California shooters likely planned multiple attacks

WASHINGTON -- U.S. investigators are increasingly convinced the California shooters planned multiple attacks, given their stockpile of weapons, and are looking at whether the Pakistani woman involved radicalized her American husband, officials sa...

Weapons confiscated from the attack in San Bernardino, Calif. Reuters

WASHINGTON - U.S. investigators are increasingly convinced the California shooters planned multiple attacks, given their stockpile of weapons, and are looking at whether the Pakistani woman involved radicalized her American husband, officials said Sunday.
Investigators believe the weapons cache collected by Tashfeen Malik, 29, and her husband, Syed Rizwan Farook, 28, points to more attacks but they do not have evidence on other possible targets, a senior U.S. government source told Reuters.
The couple stormed a gathering of his work colleagues in San Bernardino, Calif., Wednesday, opening fire with assault-style rifles and killing 14 people.
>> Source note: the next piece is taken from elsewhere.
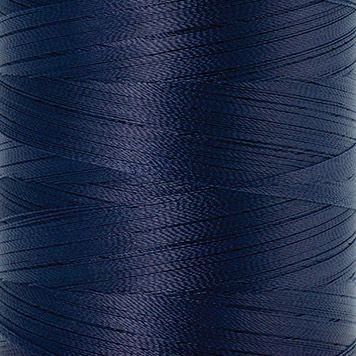 Нитки Mettler SERALENE 120 оверлочные полупрозрачные, 2000 м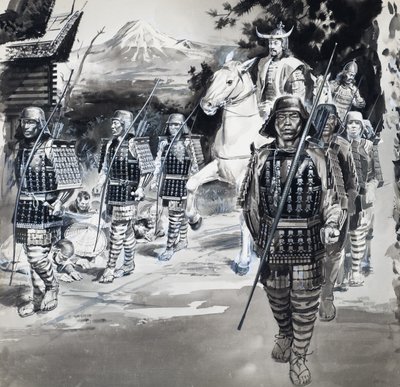  by Barrie Linklater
The pair were killed a few hours later in a shootout with police.
U.S. authorities were trying to learn what contacts Malik might have had with Islamic militants in Pakistan and Saudi Arabia, where she grew up, the official said on condition of anonymity.
They lack clear evidence that the wife was radicalized overseas or that she in turn radicalized her husband, though they are actively investigating that, the official said.
Authorities are investigating the shootings as an act of terrorism. President Barack Obama scheduled an Oval Office address Sunday to outline how the country is responding to the broader threat of terrorism.
Malik’s estranged relatives in Pakistan have said she appeared to have abandoned the family’s moderate Islam and become more radicalized in Saudi Arabia, where she moved as a toddler.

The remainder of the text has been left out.